Nel libro emerge anche una riflessione più ampia sulla società contemporanea e sulla globalizzazione, vista come un processo che spesso genera omologazione, inquinamento culturale e, in alcuni casi, vera e propria “spazzatura” sociale. Marongiu mette in guardia dall’illusione di superiorità, che non è altro che una manifestazione di inconsapevolezza e arroganza, come dimostrano dinamiche di potere che si riproducono anche in contesti apparentemente alternativi.
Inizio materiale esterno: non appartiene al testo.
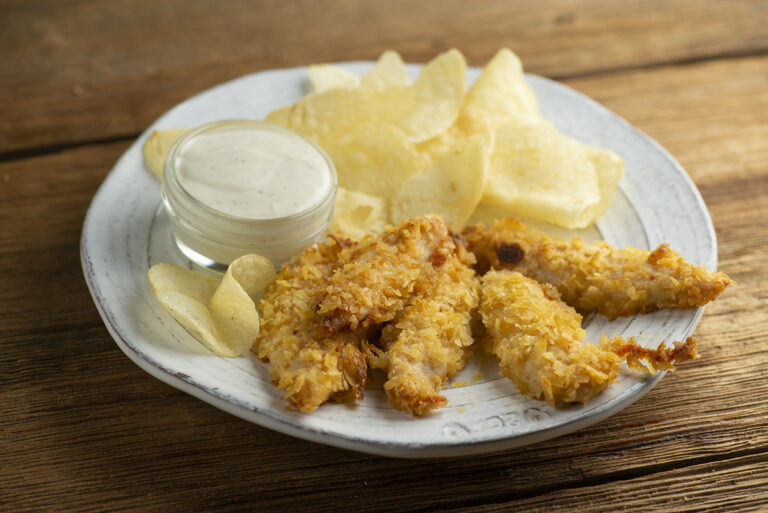 Potato chip chicken tenders on a plate.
Per l’autrice, la scrittura ha da sempre una funzione catartica, esplorativa ed empatica: osservare se stessi e gli altri diventa un gesto d’amore che genera consapevolezza e alimenta speranza, ideali e volontà di costruire un mondo migliore. Fatica e dolore fanno parte della vita, ma possono e devono essere spesi per il bene comune.
Il lavoro narrativo nasce da un processo di immedesimazione, studio e approfondimento: la realtà, osservata con attenzione e senso critico, offre un materiale umano inesauribile. “La gabbia di Pinuccia” è pubblicato dalla casa editrice Simul, con cui Giancarla Marongiu ha instaurato un rapporto sincero e collaborativo in tutte le fasi, dalla revisione del manoscritto alla stampa, fino alla promozione.
Lo scrivere “al femminile” rappresenta infine una scelta culturale e civile: ribadire che la questione femminile riguarda tutti e che la parità non passa dall’omologazione, ma dal riconoscimento delle differenze, per non essere più sconosciuti, ma persone con pari diritti. E mentre questo romanzo arriva ai lettori, l’autrice guarda già avanti: sorprendentemente, sta lavorando a un giallo, a dimostrazione che è la scrittura a guidare chi scrive, aprendo continuamente nuovi orizzonti narrativi.